Monde

Le coût humain d'une intervention en Iran serait équivalent à la catastrophe de Tchernobyl

Laure Beaulieu, mis à jour le 04.10.2012 à 11 h 01

Capture d'écran du discours de Benjamin Netanyahou à l'Assemblée générale de l'Onu le 27 septembre 2012

Capture d'écran du discours de Benjamin Netanyahou à l'Assemblée générale de l'Onu le 27 septembre 2012

Le 27 septembre 2012, Benjamin Nétanyahou a montré une bombe sur le point d'exploser pour signifier l'urgence d'agir face au développement du programme nucléaire iranien. Israël aimerait ainsi obliger les Etats-Unis à intervenir en Iran, car elle craint une attaque iranienne sur son territoire.

«L’argument matraqué en permanence consiste à prétendre que si l’Iran obtient des armes nucléaires, la situation dans la région sera totalement modifiée, pas seulement pour l’Etat juif mais aussi pour tous les pays modérés», expliquait mi-août sur Slate.fr Jacques Benillouche.

«Selon des “fuites” en provenance des services de sécurité, (...) [Téhéran] pourrait constituer, sous deux mois, un stock de 250 kilos enrichi à 20%, de quoi construire jusqu’à quatre bombes nucléaires d’ici 2013», poursuivait le journaliste Jacques Benillouche.

Une étude de l'institut de politique de l'université de l'Utah et de l'ONG Omid pour l'Iran, relayé dans un post du blog Persian Letters de Radio Free Europe Radio Liberty, donne une nouvelle perspective pour appréhender les conséquences d'une intervention en Iran.

Alors que les spécialistes ont largement évoqué les conséquences géopolitiques d'une intervention, les auteurs de l'étude se sont intéressés aux conséquences humanitaires possibles.

Une intervention occidentale sur les bases nucléaires iraniennes pourraient faire jusqu'à 70.000 victimes.
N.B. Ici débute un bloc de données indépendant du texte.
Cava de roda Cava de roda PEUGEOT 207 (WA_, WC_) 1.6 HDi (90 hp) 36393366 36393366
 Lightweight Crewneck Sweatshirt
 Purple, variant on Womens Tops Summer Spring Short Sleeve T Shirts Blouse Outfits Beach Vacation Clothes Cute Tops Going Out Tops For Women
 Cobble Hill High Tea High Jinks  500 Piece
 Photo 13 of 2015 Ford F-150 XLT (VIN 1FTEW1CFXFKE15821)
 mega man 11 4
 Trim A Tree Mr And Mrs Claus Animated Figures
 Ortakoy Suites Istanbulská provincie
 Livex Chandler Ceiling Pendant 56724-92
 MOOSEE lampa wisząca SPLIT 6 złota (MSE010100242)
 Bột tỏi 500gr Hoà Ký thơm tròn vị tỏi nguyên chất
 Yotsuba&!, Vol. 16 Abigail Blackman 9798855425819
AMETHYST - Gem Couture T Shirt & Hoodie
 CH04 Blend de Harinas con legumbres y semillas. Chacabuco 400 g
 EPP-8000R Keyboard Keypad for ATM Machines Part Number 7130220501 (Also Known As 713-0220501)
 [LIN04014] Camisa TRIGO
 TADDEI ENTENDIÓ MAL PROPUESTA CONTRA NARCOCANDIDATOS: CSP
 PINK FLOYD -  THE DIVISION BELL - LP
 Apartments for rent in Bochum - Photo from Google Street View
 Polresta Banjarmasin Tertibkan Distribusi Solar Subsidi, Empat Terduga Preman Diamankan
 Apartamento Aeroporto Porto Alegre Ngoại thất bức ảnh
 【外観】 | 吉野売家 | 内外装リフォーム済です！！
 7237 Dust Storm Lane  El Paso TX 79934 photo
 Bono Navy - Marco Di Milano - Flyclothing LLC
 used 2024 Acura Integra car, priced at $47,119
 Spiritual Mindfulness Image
Ces 70.000 personnes seraient tuées ou blessées à cause de l'exposition aux fumées toxique de fumées, «soit une catastrophe similaire à celle de la fuite de gaz à Bhopal ou de la fusion nucléaire à Tchernobyl», explique la journaliste Golnaz Esfandiari sur son blog Persian Letters.

En outre, l'ensemble des personnes employées sur ces sites mourraient.

«Selon nos estimations, le nombre de victimes d'un bombardement des quatre sites serait d'environ 5.000 personnes. Si le bombardement inclut plus de quatre sites, les victimes immédiates pourraient s'élever jusqu'à 10.000 personnes», explique l'auteur du rapport.

Les analystes occidentaux ne sont pas les seuls à ignorer le coût humain d'une intervention iranienne, explique la journaliste de Radio Free Europe Radio Liberty.

«Ce n'est pas un sujet de discussions en Iran, où les médias du pouvoir se focalisent en grande partie sur la façon dont le pays pourrait réagir en cas d'attaque.»